Savage Armada

Slowing to a walk, Ryan reloaded the Steyr and breathed in the cool air sweet with the rich smell of pine. He had grown up in woods like these, and they always felt like home to him. The trees were well spaced, the floor of the forest a soft cushion of needles and leaves. He recognized oak, ash and maple. How could two islands so close to each other geographically be so far apart in temperature and plant life?

“Nice.” Jak inhaled, pausing to slip on his jacket. J.B. did the same with his, but Krysty didn’t don her bearskin coat, luxuriating in the misty cool of the pines.

Cresting a hill and clambering through a rocky arroyo, the companions reached a small clearing in the woods and Ryan called a halt.

“We’ll break here,” he decided, sliding off his backpack. “Cold rations and water only. No fire. Don’t know if there’s anybody around here, and there’s no sense advertising our presence.”

“I’ll take first watch,” Krysty offered, and stepped away from the others to put her back to a pine tree where she had a good command of the general area.

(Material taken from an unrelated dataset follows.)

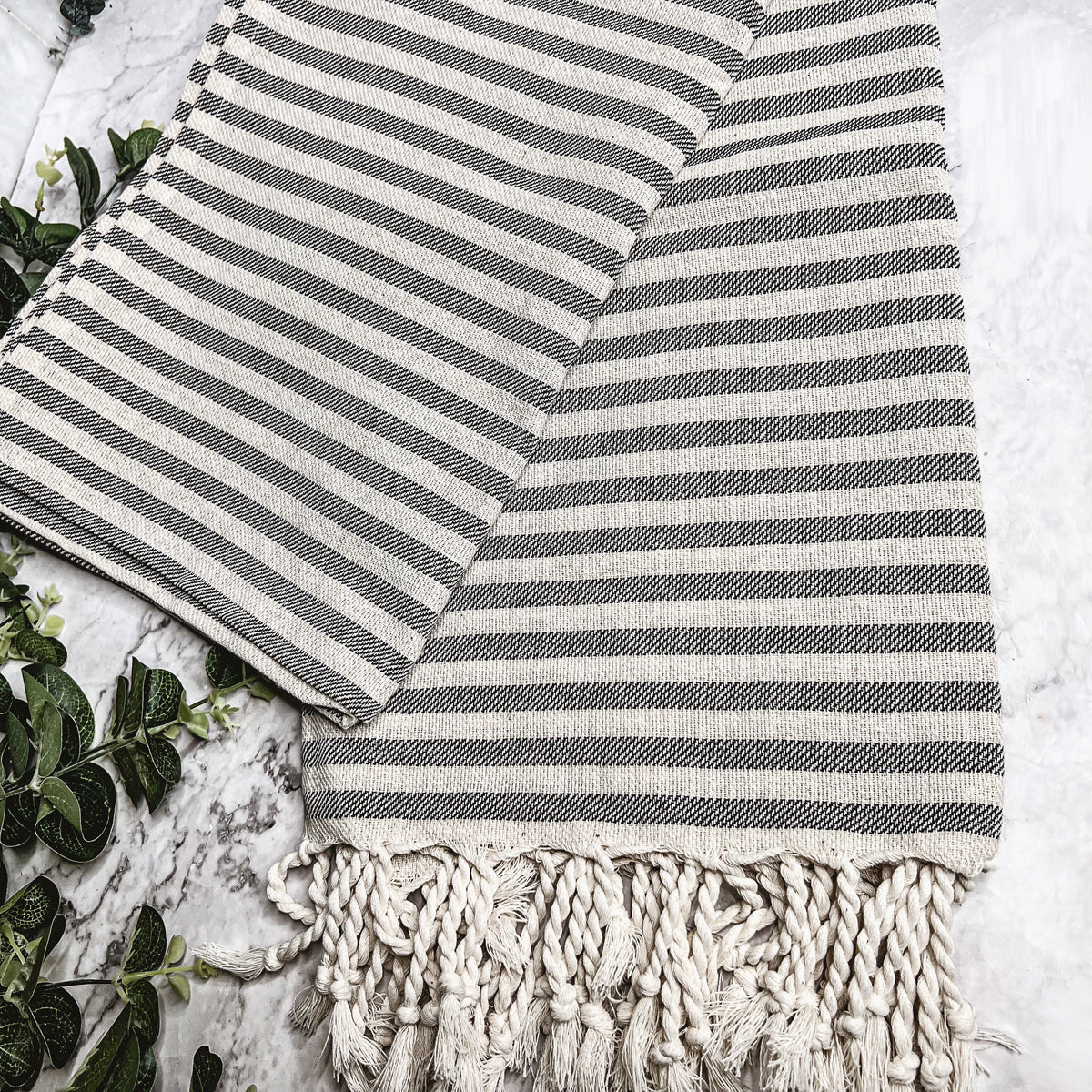 Nautical Towel 180GSM made from 100% Turkish cotton, featuring blue and grey stripes with decorative tassels.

Taking the snake from his pocket, Ryan started gutting and cleaning the reptile with a folding pocket-knife. The panga was much too big for such delicate work, reserved for big jobs of hacking through jungles and cutting throats. The curved blade was perfect for that, almost as if it had been designed for just that purpose.

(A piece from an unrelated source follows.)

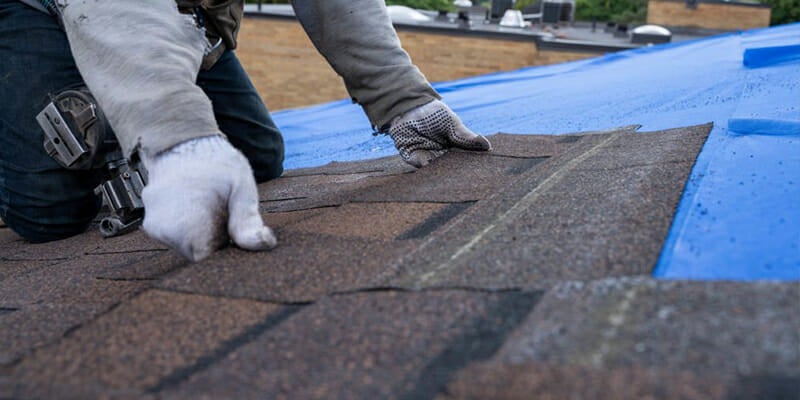 A roofer in gloves laying asphalt shingles on a roof partially covered with blue underlayment.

“Still fresh,” Ryan announced, laying out slices on a large leaf. “Help yourselves.”

Doc took a piece and started chewing the tough meat. “Tastes nothing like chicken,” he muttered, taking another slice.

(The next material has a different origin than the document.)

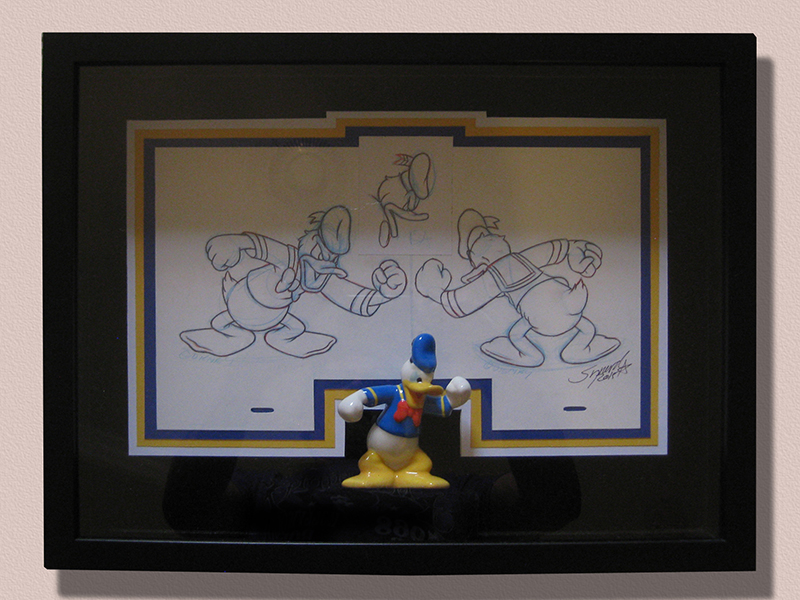 0th Image of a N/A DONALD DUCK FIGURINE AND ARTWORK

Lowering her canteen, Mildred frowned. “I still can’t get over how big that spider was,” she said, sounding annoyed. “It’s impossible. Just impossible.”

“Saw it,” Jak stated, as if that settled the discussion. Opening a self-heat can, he waited until the food was warm, then started in with a hand-carved wooden spoon, relaying the soup to his mouth with the care of a surgeon. Not a drop was wasted on the ground.

“Are you referring to the, what was it again?” Doc asked, nibbling the raw snake. The flavor was strong, but no more so than sea bass. “The inverse-square law of biology?”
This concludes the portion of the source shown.